# LOADING

In the loading phase, the cleaned and transformed datasets—transformed_full.csv and transformed_incremental.csv—were imported and loaded into a structured database format. A SQLite database was chosen for its simplicity and portability, with two separate tables (full_data and incremental_data) created within a single database file named full_data.db, stored in the loaded/ directory. Using pandas.to_sql(), the DataFrames were written into the database, allowing for efficient storage and future querying. To verify the loading process, sample queries such as SELECT * FROM full_data LIMIT 5 were executed and displayed to confirm the presence and correctness of the data.
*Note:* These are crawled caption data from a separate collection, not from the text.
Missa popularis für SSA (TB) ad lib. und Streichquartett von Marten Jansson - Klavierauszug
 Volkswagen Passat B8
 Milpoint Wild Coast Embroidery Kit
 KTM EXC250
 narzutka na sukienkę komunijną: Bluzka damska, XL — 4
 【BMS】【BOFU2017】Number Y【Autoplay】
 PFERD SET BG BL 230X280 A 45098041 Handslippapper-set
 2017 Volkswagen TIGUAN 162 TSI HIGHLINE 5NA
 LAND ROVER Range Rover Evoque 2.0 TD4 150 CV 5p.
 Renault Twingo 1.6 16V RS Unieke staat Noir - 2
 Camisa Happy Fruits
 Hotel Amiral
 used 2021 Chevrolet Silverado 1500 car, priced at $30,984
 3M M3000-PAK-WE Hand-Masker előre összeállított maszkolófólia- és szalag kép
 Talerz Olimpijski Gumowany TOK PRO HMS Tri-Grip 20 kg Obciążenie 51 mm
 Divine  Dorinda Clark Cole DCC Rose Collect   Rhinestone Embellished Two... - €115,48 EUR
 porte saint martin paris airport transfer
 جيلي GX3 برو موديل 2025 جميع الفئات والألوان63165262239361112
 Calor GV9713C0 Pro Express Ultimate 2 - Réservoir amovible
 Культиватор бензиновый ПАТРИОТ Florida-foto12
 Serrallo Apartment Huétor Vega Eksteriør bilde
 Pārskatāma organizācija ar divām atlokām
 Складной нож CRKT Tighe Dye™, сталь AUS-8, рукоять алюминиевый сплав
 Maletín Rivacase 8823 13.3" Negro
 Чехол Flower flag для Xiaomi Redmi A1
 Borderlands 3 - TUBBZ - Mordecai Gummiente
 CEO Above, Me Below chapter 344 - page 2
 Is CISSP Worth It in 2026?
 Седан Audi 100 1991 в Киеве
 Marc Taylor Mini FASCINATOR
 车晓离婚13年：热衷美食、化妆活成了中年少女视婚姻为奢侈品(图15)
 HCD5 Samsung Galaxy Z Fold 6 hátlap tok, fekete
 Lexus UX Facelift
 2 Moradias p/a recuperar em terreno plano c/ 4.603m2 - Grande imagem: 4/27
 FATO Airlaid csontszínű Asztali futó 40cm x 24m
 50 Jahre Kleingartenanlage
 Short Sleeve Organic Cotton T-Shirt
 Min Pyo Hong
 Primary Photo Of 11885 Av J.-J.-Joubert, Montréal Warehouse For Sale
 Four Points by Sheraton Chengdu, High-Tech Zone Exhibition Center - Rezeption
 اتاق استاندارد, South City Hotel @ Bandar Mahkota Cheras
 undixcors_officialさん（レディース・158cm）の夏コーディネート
This phase ensured that the transformed datasets were safely persisted in a structured format, ready for use in downstream analytics or reporting tools.

In [2]:
import pandas as pd
import os
import sqlite3
from IPython.display import display  # for pretty DataFrame output

# Step 1: Define paths using os.path.join
transformed_dir = os.path.join('2. transformed')
loaded_dir = os.path.join('loaded')

full_csv_path = os.path.join(transformed_dir, 'transformed_full.csv')
incremental_csv_path = os.path.join(transformed_dir, 'transformed_incremental.csv')
db_path = os.path.join(loaded_dir, 'full_data.db')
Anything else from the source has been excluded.